Based on joint work with Pierre Marion, Matus Telgarsky, Jingfeng Wu, and Bin Yu.

‘AI policy and governance Q&A’
Beba Cibralic

Thursday 11th December

Beba is a researcher at RAND (but speaking to us in her private capacity) in the USA working on AI governance, ethics, and safety, originally from Australia. Dan will have questions prepared but bring your own questions about the broader context of AI governance, regulation and geopolitics.

‘Formal computational realism: Part 2’
Vanessa Kosoy

Thursday 11th December

Classical theories of agents such as AIXI and reinforcement learning ascribe to the agent beliefs and goals grounded in the “cybernetic” ontology of actions and percepts. This is reminiscent of logical positivism in analytic philosophy.

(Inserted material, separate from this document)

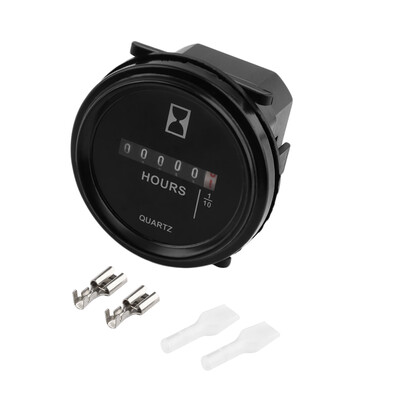 

Black 2" Hour Meter For Cart Marine Boat Tractor Generator Engine 6-80V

However, both the epistemology of science and the theory of AI alignment require metaphysical realism, i.e. grounding in objective reality. Formal Computational Realism (FCR) is a novel mathematical framework for agent theory which takes a metaphysical realist perspective. Specifically, FCR holds that objective reality consists of _information about computable logical facts_, a position broadly similar to Ontic Structural Realism in analytic philosophy (but with rigorous mathematical formalization). In this talk, I will explain the motivation and some mathematical elements of FCR.

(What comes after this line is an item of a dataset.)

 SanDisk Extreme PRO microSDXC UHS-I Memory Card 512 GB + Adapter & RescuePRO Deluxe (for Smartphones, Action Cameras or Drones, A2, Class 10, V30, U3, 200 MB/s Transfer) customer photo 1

‘Math of Psychometrics & Evaluations’
Liam Carroll

Thursday 11th December

‘AI alignment requires mathematical and philosophical rigour: the challenge and the path forward’
Vanessa Kosoy

Friday 12th December

The possibility of unaligned artificial superintelligence is the greatest danger facing human civilization in our era, perhaps even in all of history. In the long-term, the only way to avoid this danger is (arguably) creating a human-aligned artificial superintelligence. However, the latter would require us to overcome a series of difficult technical challenges, for which our current state of knowledge in insufficient. Overcoming these challenges requires conceptual breakthroughs in our understanding of intelligent agency, conforming to strict standards of mathematical and philosophical rigour. In this talk, I will both outline the challenges and propose a path towards addressing them. We will also discuss how the research directions I discussed in my previous lectures fit into this agenda.

‘Singularities, structure and learning beyond the RLCT’
Simon Pepin Lehalleur

Friday 12th December

SLT presents a clear picture of learning for Bayesian parametric models in the large data limit, showing that the main “sufficient statistic” of the data-generating process controlling the asymptotics of posterior concentration and generalisation error is the RLCT of the KL divergence K(w). In this talk, I will largely sidestep the important question of what this can tell us about deep learning, and explore further three aspects of this link between learning and singularities. 

First I will discuss how Watanabe proves in fact a more precise (but complicated) asymptotic expansion of the Bayesian posterior, with lower-order terms incorporating finer geometric invariants of the singularities of K(w). This expansion can be described either in terms of posterior expectations of individual observables or in terms of Schwarz distributions. Understanding this expansion seems important to ground theoretically generalisations of LLC estimation like susceptibilities.

Second, SLT in itself does not tell us how the computational structure of the data-generating process is reflected in the geometry of K(w). I will discuss a few results and some open questions around this central problem.

Finally, I will explain a more “dynamical” interpretation of the RLCT in terms of the geometry of jet schemes of K(w).